Am Donnerstagmorgen gegen 7.40 Uhr vernahm die 43-jährige Bewohnerin eines Einfamilienhaus in Hamburg-Stellingen seltsame Geräusche im Haus. Das Knarren von Treppenstufen hatte sie geweckt.

Die Frau stand auf, um nachzusehen und stieß dabei auf einen „südländisch“ aussehenden Mann, der gerade, schon vom inneren des Hauses her, die Terrassentür öffnen wollte. Sie schrie den Einbrecher an, der sich sofort auf sie gestürzt habe. Von der darauffolgenden körperlichen Auseinandersetzung wurde auch die 13-jährige Tochter aufgeschreckt und wollte ihrer Mutter zu Hilfe kommen.

Im Haus befand sich aber noch eine zweite „kulturelle Bereicherung“ aus dem ominösen „Südland“.

Der Komplize habe dem mutigen Mädchen mit der Faust brutal ins Gesicht geschlagen und es mit einem Schraubenzieher angegriffen. Dabei wurde die 13-Jährige am Oberarm verletzt. Dann seinen die Täter offenbar ohne Beute geflohen.

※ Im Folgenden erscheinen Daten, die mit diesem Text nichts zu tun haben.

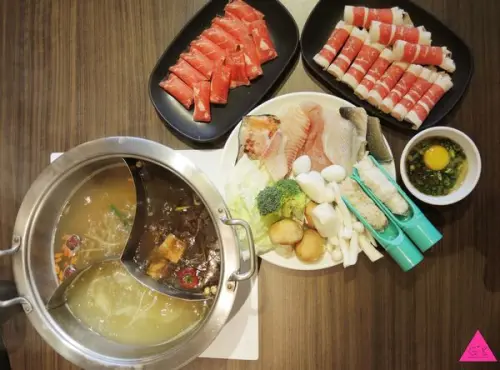 [GS愛吃鬼]台南X XM麻辣鍋 X 超夯西瓜綿火鍋讓你暖冬又暖心!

Die Angreifer werden wie folgt beschrieben:

  • Täter 1: männlich, „südländisches“ Erscheinungsbild, 15 bis 17 Jahre alt, 1,70m bis 1,75m groß, schlank, schwarze Haare
  • Täter 2: männlich, „südländisches“ Erscheinungsbild, ca. 1,80m groß, schlank, schwarze Haare

Die Polizei bittet um Hinweise unter der Rufnummer 040/4286-56789 an das Hinweistelefon der Polizei Hamburg oder jede Polizeidienststelle.

Niemand ist in Deutschland mehr sicher, nirgends! Mit Ausnahme der auf Kosten der Opfer dieses „Experiments“ gut geschützten Verursacher.